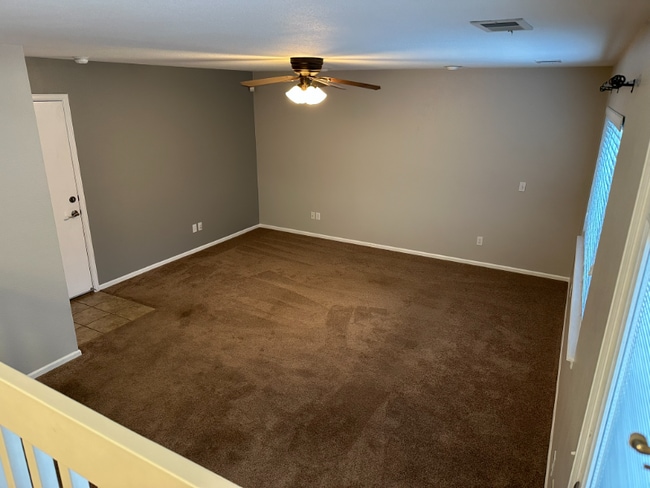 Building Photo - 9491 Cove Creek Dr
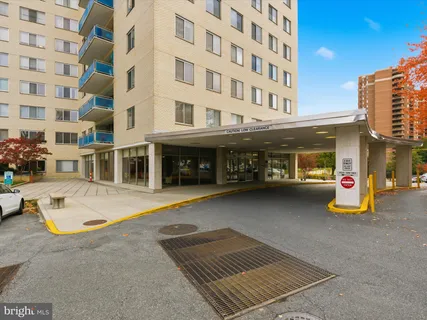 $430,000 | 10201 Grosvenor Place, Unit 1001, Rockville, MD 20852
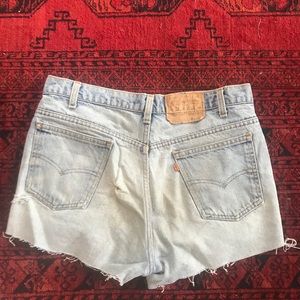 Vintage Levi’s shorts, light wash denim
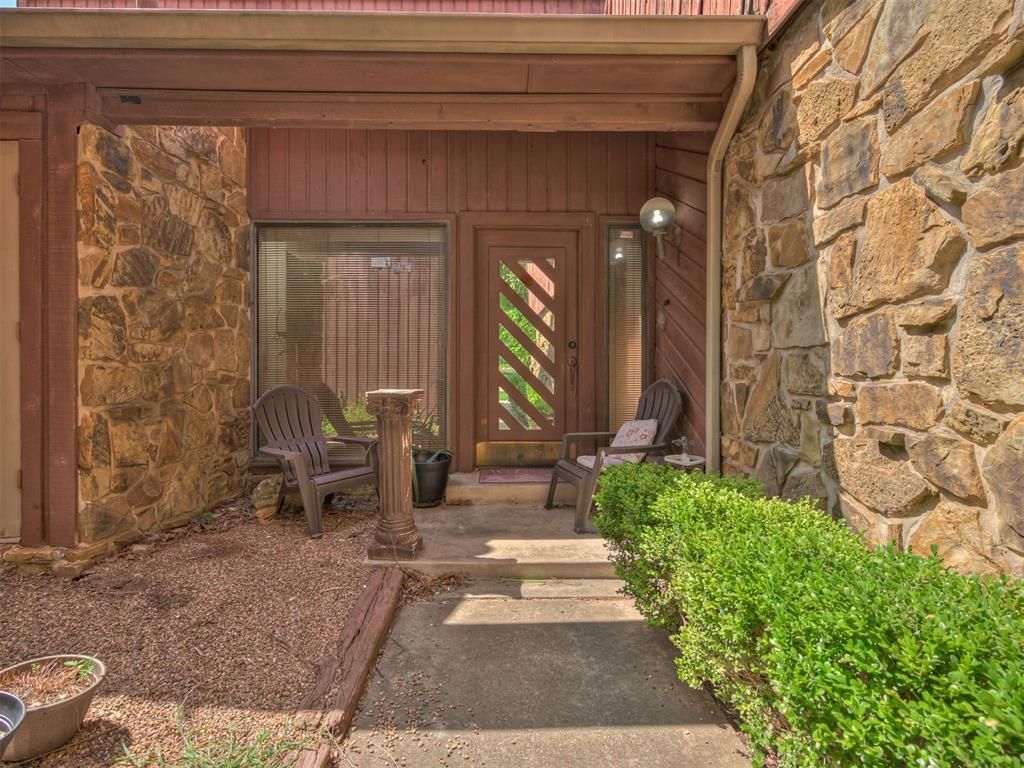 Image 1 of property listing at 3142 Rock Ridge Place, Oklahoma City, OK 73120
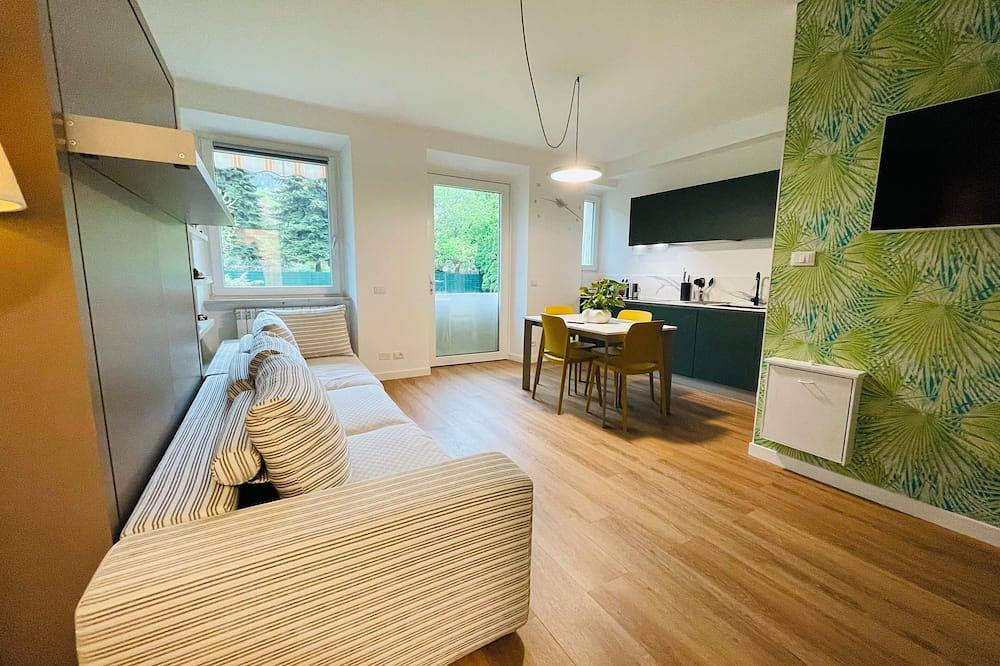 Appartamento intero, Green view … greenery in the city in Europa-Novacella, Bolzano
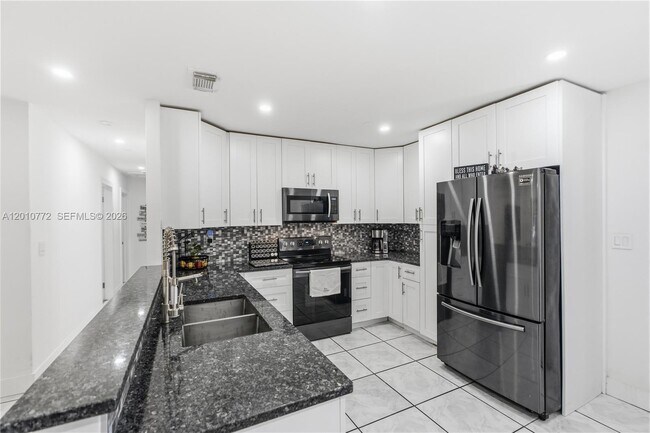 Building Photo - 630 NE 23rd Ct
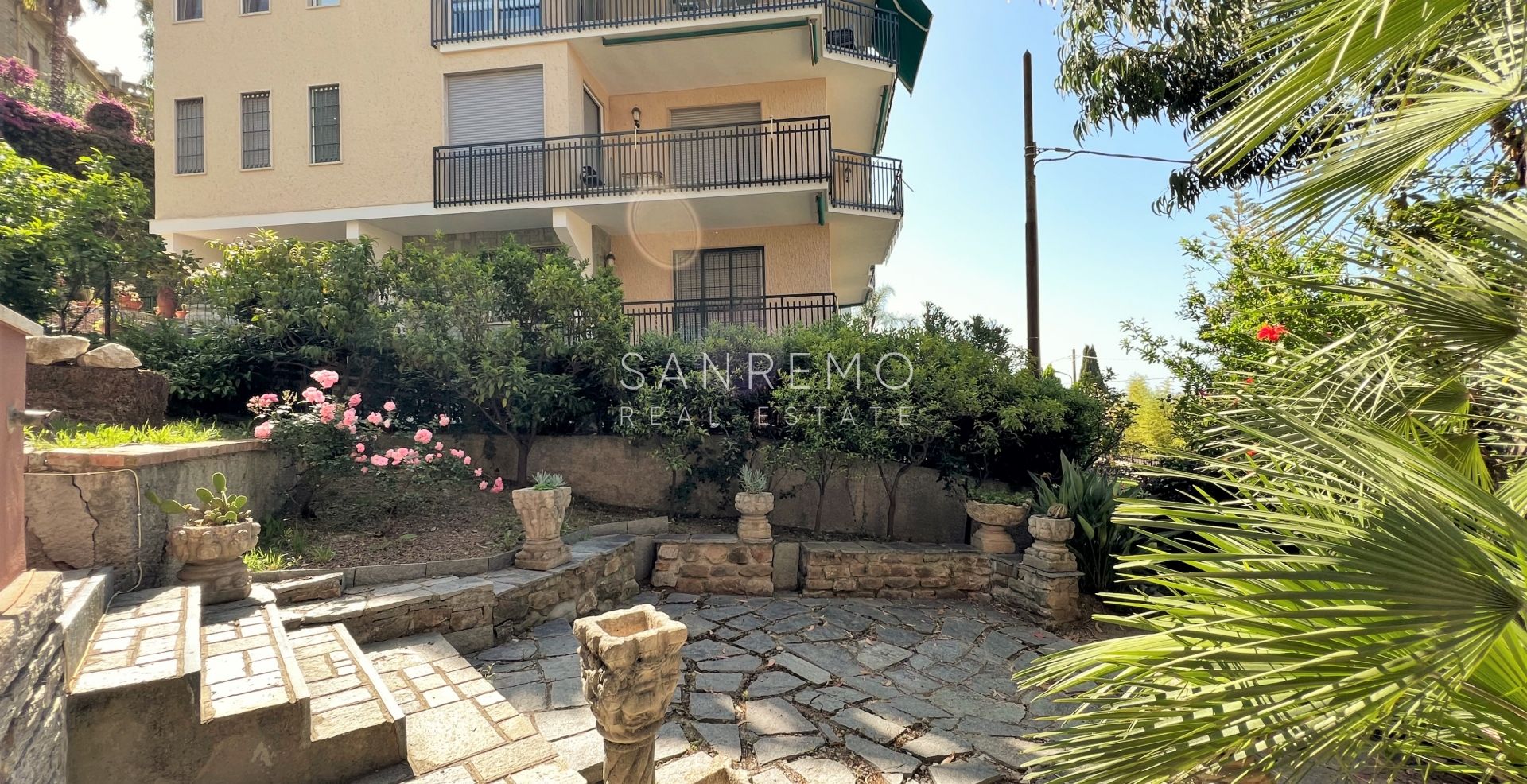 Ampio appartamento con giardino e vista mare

● ● ● ●

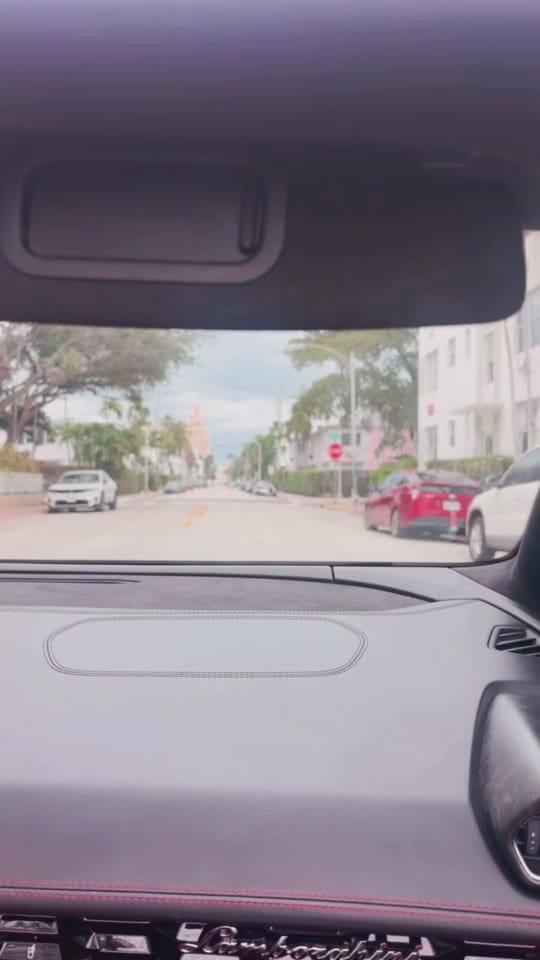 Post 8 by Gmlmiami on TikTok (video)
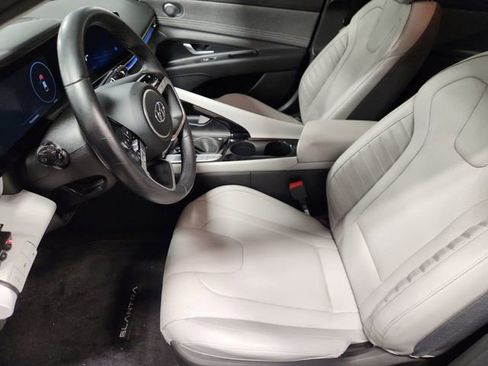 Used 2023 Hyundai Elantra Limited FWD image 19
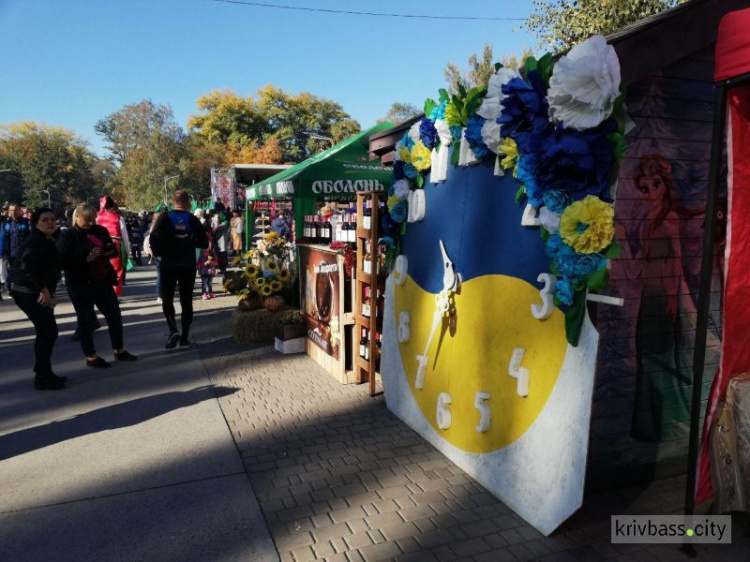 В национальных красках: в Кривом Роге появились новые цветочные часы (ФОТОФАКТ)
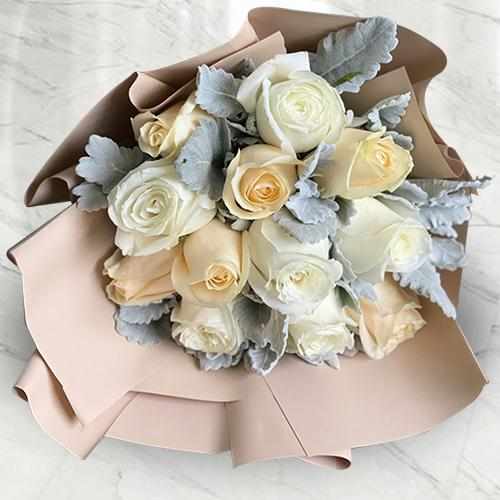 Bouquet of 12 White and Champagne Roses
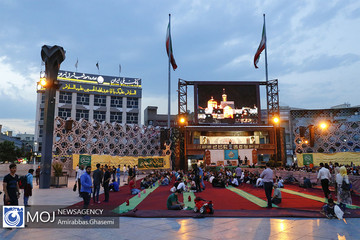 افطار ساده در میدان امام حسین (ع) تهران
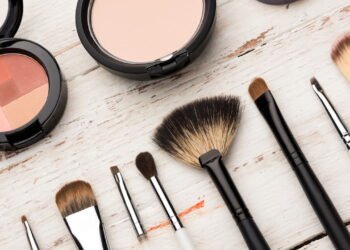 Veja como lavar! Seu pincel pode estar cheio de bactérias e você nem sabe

● ● ● ●

== Problem statement ==
Here the job is to copy the listing above word for word, starting at the line with "Building Photo - 9491 Cove Creek Dr" and ending at the line with "Ampio appartamento con giardino e vista mare", and to leave out the pictures.

== Result of the task ==
 Building Photo - 9491 Cove Creek Dr
 $430,000 | 10201 Grosvenor Place, Unit 1001, Rockville, MD 20852
 Vintage Levi’s shorts, light wash denim
 Image 1 of property listing at 3142 Rock Ridge Place, Oklahoma City, OK 73120
 Appartamento intero, Green view … greenery in the city in Europa-Novacella, Bolzano
 Building Photo - 630 NE 23rd Ct
 Ampio appartamento con giardino e vista mare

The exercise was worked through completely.